VMAGI

Welcome! VMAGI is a small emulator/interpreter my friend Matthew and I challenged each other to build in 24 hours. This includes both the implementation of the interpreter and creating your own ISA/3ac/IR for it that it will run on top of. If you want to see Matthew's implementation, go to his repository

My friend Ethan also joined us on this competition and completed his implementation.

Funnily enough, I did it in Go, Matthew in Rust, Ethan in C++.

Basics

The goal within 24 hours was to write an interpreter that can reliably run a recursive version of fibonacci sequence, such that for any natural n, fib(n) returns the nth element of the sequence.

This was an interesting challenge, as writing the machine itself, with all the instructions and logic around it was pretty simple.

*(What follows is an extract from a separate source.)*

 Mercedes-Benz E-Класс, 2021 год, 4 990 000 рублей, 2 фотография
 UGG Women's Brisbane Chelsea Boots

This includes required stuff like labels, jumps, conditionals, etc. The idea was to make it a workable interpreter for whatever you write.

Matthew and I both have the same direction, in terms of what our interpreters should achieve. Besides being able to run recursive fibonacci, it should have a command/opcode halt that will immediately halt the interpreter and return the value that was passed to halt with either registers or some other way.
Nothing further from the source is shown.